[What is being asked]
Print every line below without adding or leaving out a single word.

[Information supplied]
==*==
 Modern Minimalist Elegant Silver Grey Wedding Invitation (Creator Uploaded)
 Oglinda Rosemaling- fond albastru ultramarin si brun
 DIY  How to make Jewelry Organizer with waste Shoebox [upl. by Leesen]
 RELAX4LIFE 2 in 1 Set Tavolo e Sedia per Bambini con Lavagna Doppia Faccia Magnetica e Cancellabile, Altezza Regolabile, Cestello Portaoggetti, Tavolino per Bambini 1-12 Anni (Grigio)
==*==
[Solution for this problem]
 Modern Minimalist Elegant Silver Grey Wedding Invitation (Creator Uploaded)
 Oglinda Rosemaling- fond albastru ultramarin si brun
 DIY  How to make Jewelry Organizer with waste Shoebox [upl. by Leesen]
 RELAX4LIFE 2 in 1 Set Tavolo e Sedia per Bambini con Lavagna Doppia Faccia Magnetica e Cancellabile, Altezza Regolabile, Cestello Portaoggetti, Tavolino per Bambini 1-12 Anni (Grigio)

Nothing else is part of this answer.